String similarity score/hash

Solution 1:

I believe what you're looking for is called a Locality Sensitive Hash. Whereas most hash algorithms are designed such that small variations in input cause large changes in output, these hashes attempt the opposite: small changes in input generate proportionally small changes in output.

As others have mentioned, there are inherent issues with forcing a multi-dimensional mapping into a 2-dimensional mapping. It's analogous to creating a flat map of the Earth... you can never accurately represent a sphere on a flat surface. Best you can do is find a LSH that is optimized for whatever feature it is you're using to determine whether strings are "alike".

Solution 2:

Levenstein distance or its derivatives is the algorithm you want. Match given string to each of strings from dictionary. (Here, if you need only fixed number of most similar strings, you may want to use min-heap.) If running Levenstein distance for all strings in dictionary is too expensive, then use some rough algorithm first that will exclude too distant words from list of candidates. After that, run levenstein distance on left candidates.


One way to remove distant words is to index n-grams. Preprocess dictionary by splitting each of words into list of n-grams. For example, consider n=3:

(0) "Hello world" -> ["Hel", "ell", "llo", "lo ", "o w", " wo", "wor", "orl", "rld"]
(1) "FooBarbar" -> ["Foo", "ooB", "oBa", "Bar", "arb", "rba", "bar"]
(2) "Foo world!" -> ["Foo", "oo ", "o w", " wo", "wor", "orl", "rld", "ld!"]
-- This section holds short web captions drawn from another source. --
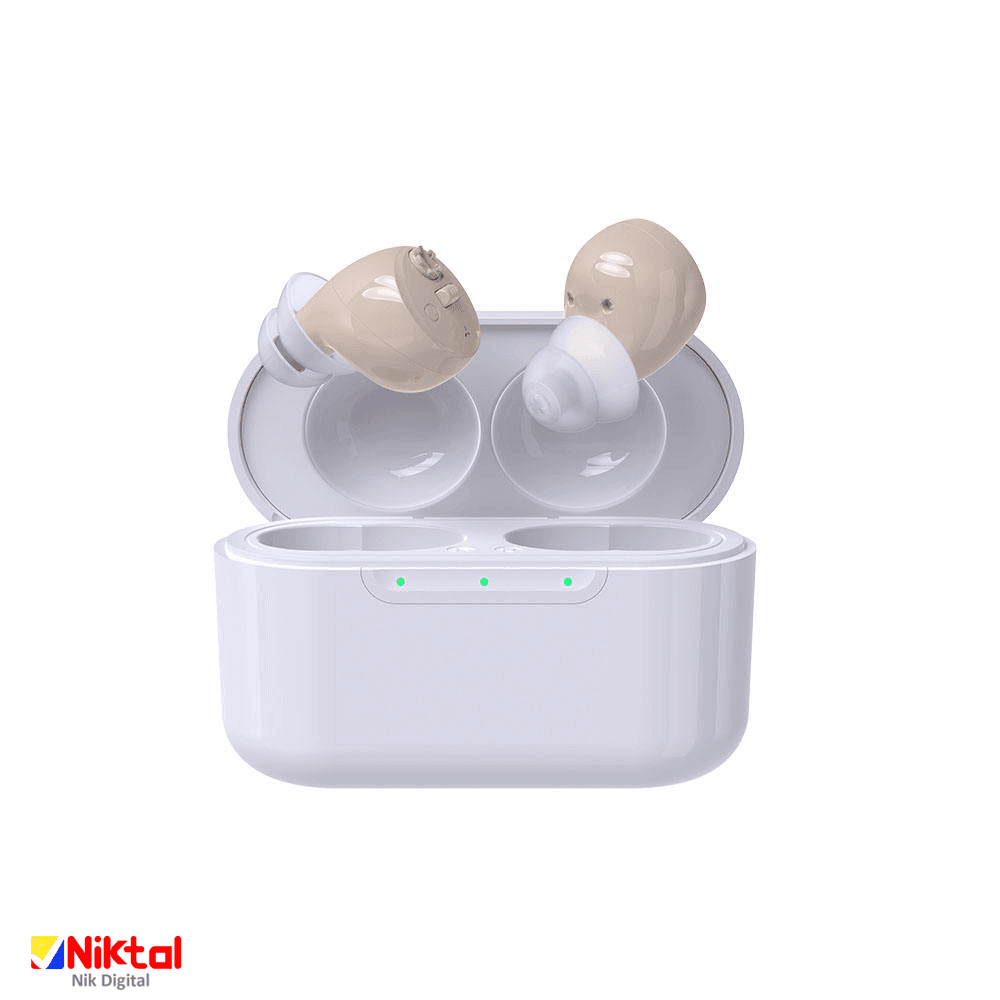 سمعک دو گوش دارای کیس شارژ آیجویر مدل GM-920T — تصویر ۲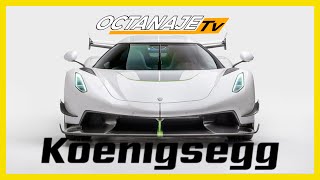 La historia de Koenigsegg - OctanajeTv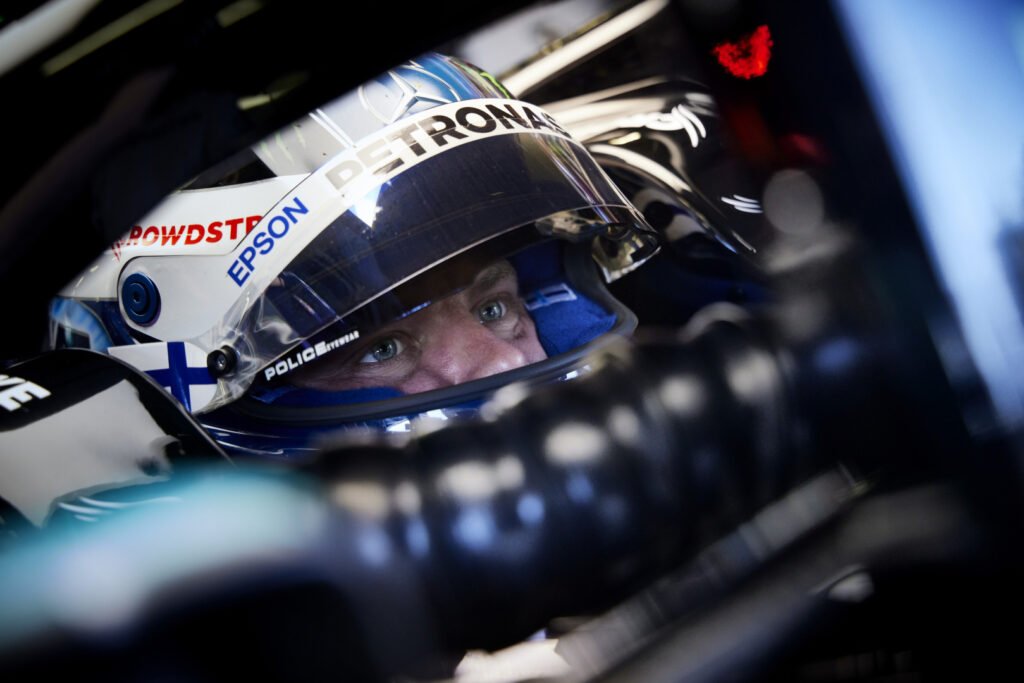 Bottas avait l’impression d’être une « cible facile » à Bakou ce dimanche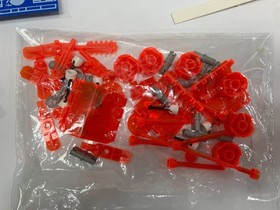 Lego Space: Ice Planet (6983) missing 3 pieces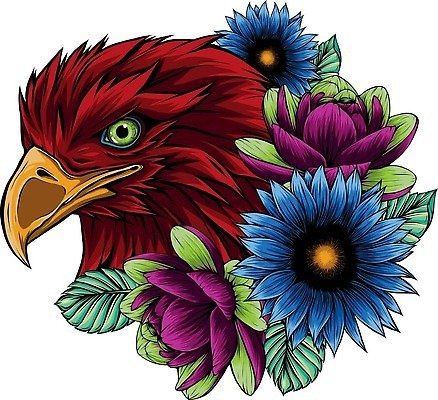 EPS 해외이미지 클립아트 동물 디자인 꽃 얼굴 야생동물 어린이 백그라운드 스티커 꽃무늬 일러스트 자연 조류 수채화 미술 뷰티 머리 유행 수확 덮개 아기 인쇄 먹이 만화 문신 심볼 깃털 그림 복고 독수리 육식동물 부엉이 배지 대머리 동물상 마스코트 벡터 해외202309 해외일러스트 식물 헤어스타일 무늬 농업 문화예술 사람 신체부위 조형물 뚜껑 생태계 파일형식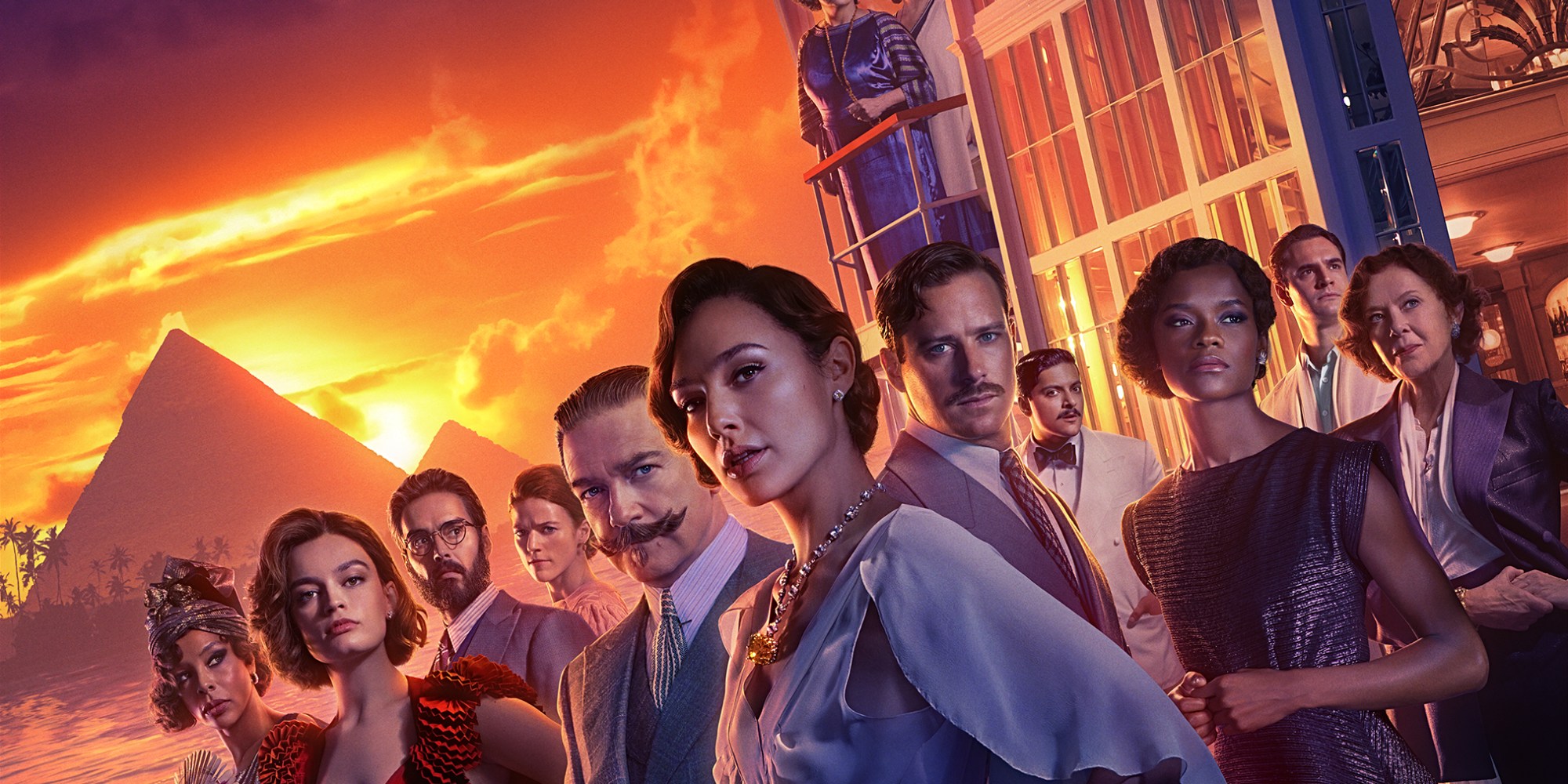 نقد فیلم Death on the Nile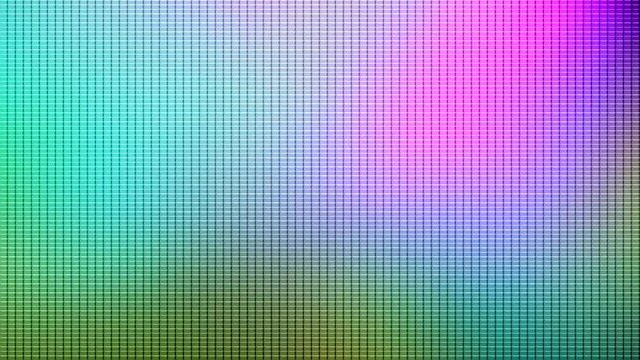 The colorful pixel's abstract background motion blinks. Luminous mosaic tile animated background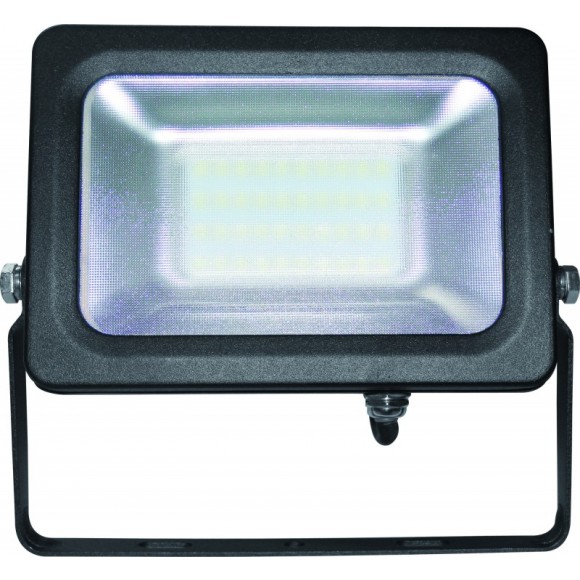 LED vonkajšie reflektor liadku 20W -> zodpovedá halogénové trubicu 150W - čierna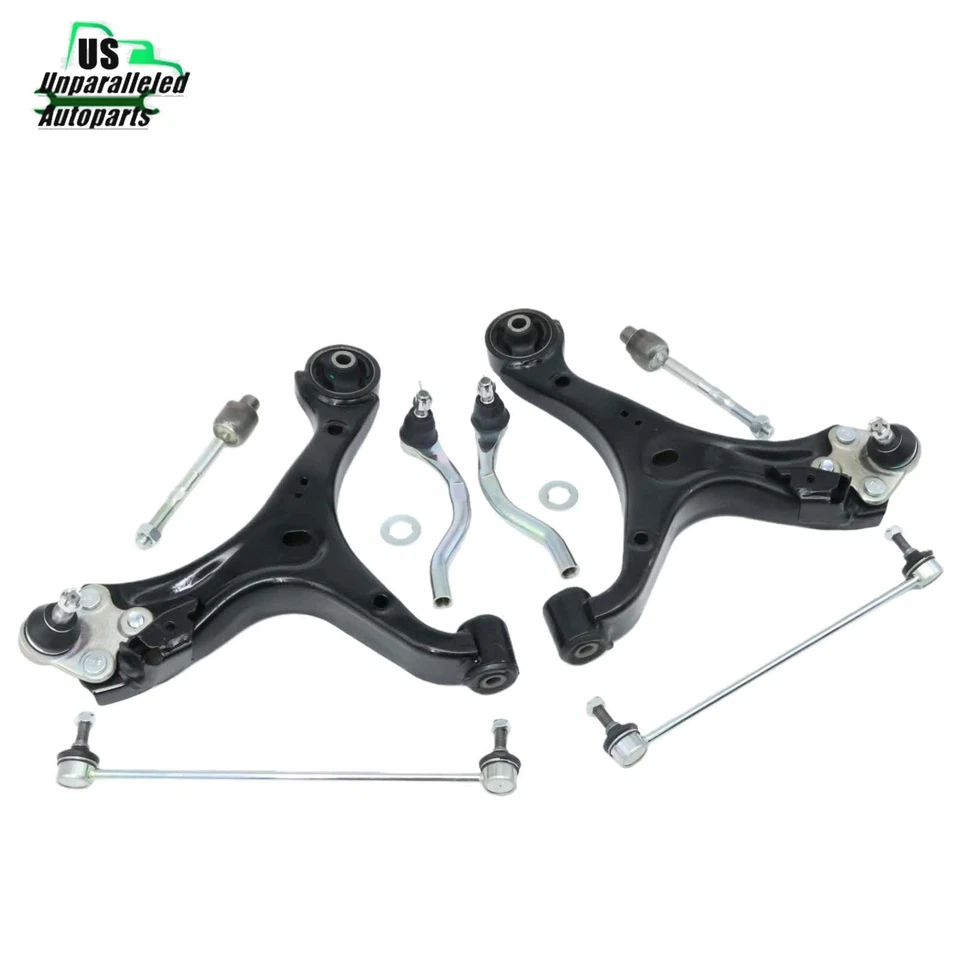 8pcs Suspension Control Arms Ball Joint Sway Bar Link Kit For 16-22 Acura ILX - Изображение 2 из 4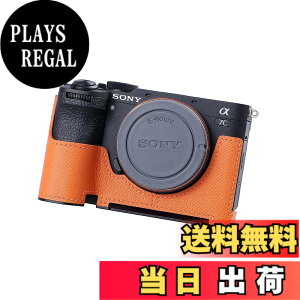 �y���������zSIUTATDSH �J�����n�[�t�P�[�X �K�p Sony A7C2 A7C M2 a7cii �r���e�[�W���^���{�v�C���X�^���g�J�����ی�P�[�X �X�^�C���b�V�� �|�[�^�u�� �ϏՌ� �F�F�I�����W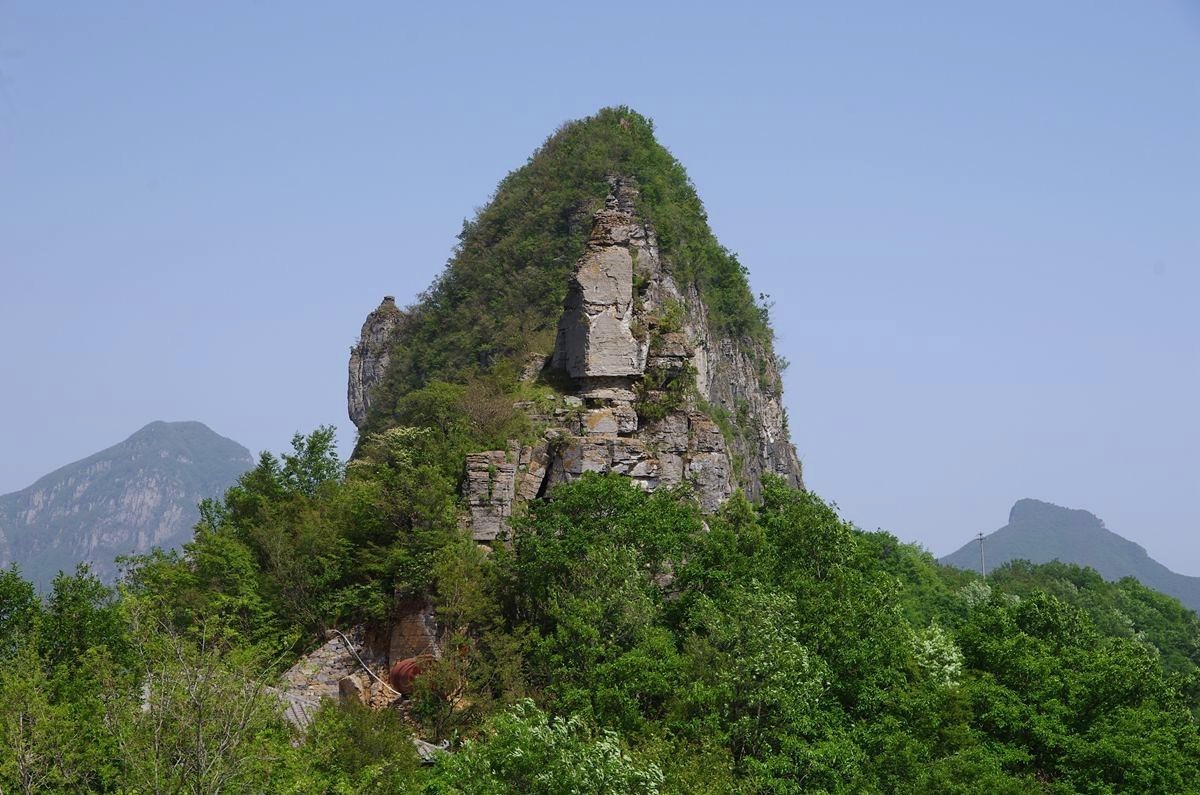 天界山景区登临老爷顶-22P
Next, create index of n-gramms:

" wo" -> [0, 2]
"Bar" -> [1]
"Foo" -> [1, 2]
"Hel" -> [0]
"arb" -> [1]
"bar" -> [1]
"ell" -> [0]
"ld!" -> [2]
"llo" -> [0]
"lo " -> [0]
"o w" -> [0, 2]
"oBa" -> [1]
"oo " -> [2]
"ooB" -> [1]
"orl" -> [0, 2]
"rba" -> [1]
"rld" -> [0, 2]
"wor" -> [0, 2]

When you need to find most similar strings for given string, you split given string into n-grams and select only those words from dictionary which have at least one matching n-gram. This reduces number of candidates to reasonable amount and you may proceed with levenstein-matching given string to each of left candidates.


If your strings are long enough, you may reduce index size by using min-hashing technnique: you calculate ordinary hash for each of n-grams and use only K smallest hashes, others are thrown away.

P.S. this presentation seems like a good introduction to your problem.

Solution 3:

This isn't possible, in general, because the set of edit distances between strings forms a metric space, but not one with a fixed dimension. That means that you can't provide a mapping between strings and integers that preserves a distance measure between them.

For example, you cannot assign numbers to these three phrases:

  • one two
  • one six
  • two six

Such that the numbers reflect the difference between all three phrases.